GIVEN ENTRIES:
•••

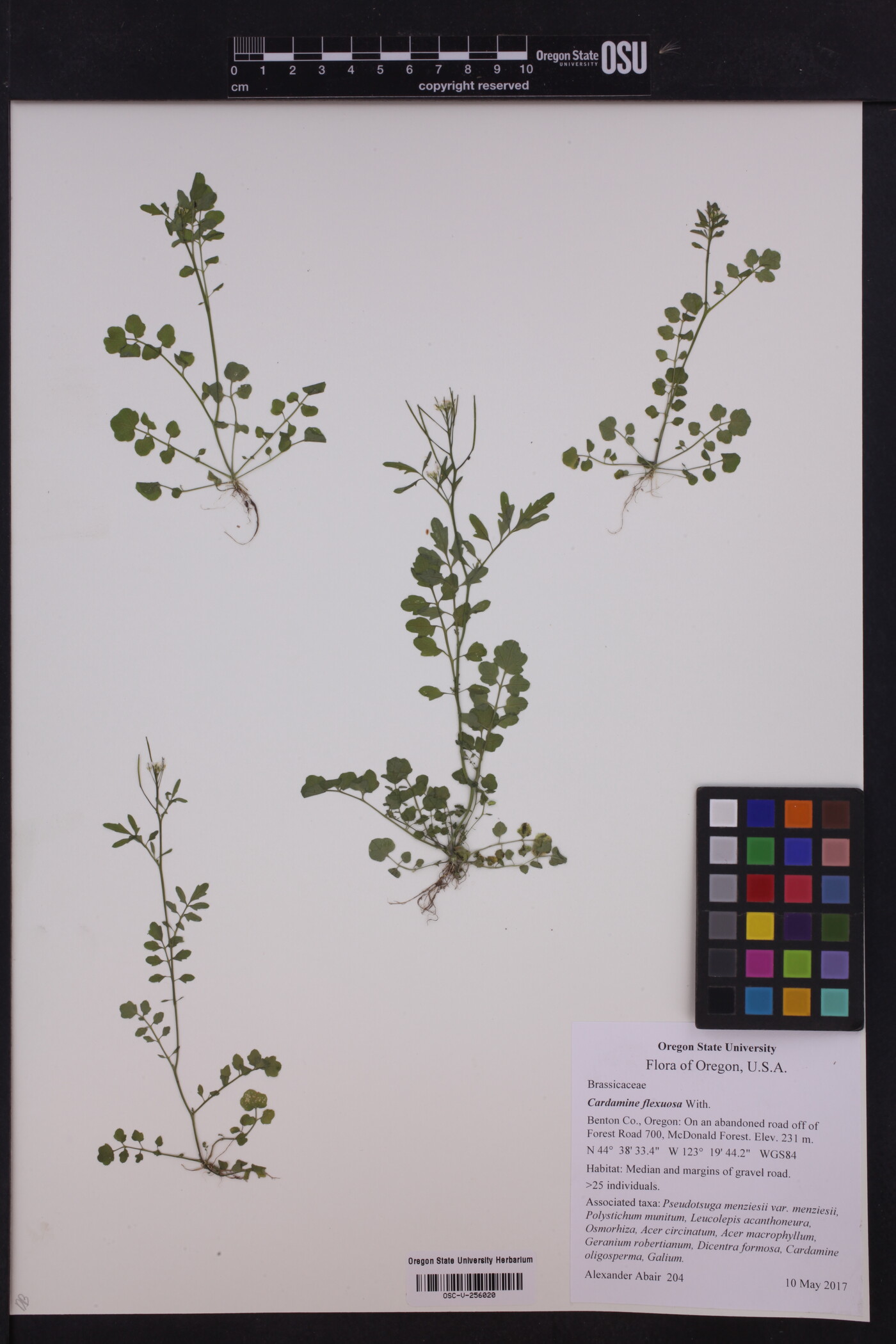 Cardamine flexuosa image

•••

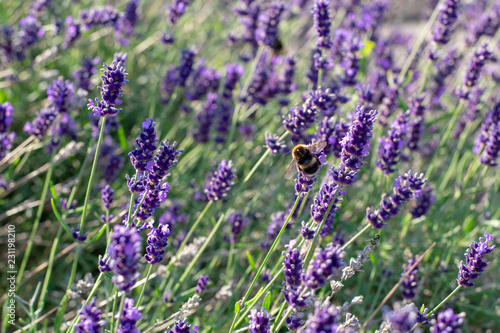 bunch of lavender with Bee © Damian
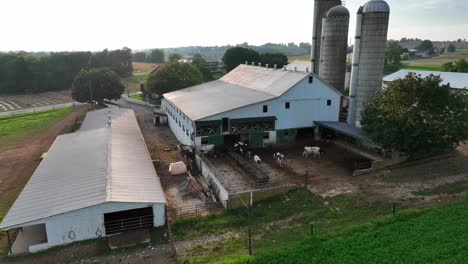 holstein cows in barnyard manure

•••

YOUR GOAL:
Above are the records; restate exactly the lines from the one containing "bunch of lavender with Bee © Damian" through the one containing "holstein cows in barnyard manure", keeping pictures out.

EXERCISE ANSWER:
 bunch of lavender with Bee © Damian
 holstein cows in barnyard manure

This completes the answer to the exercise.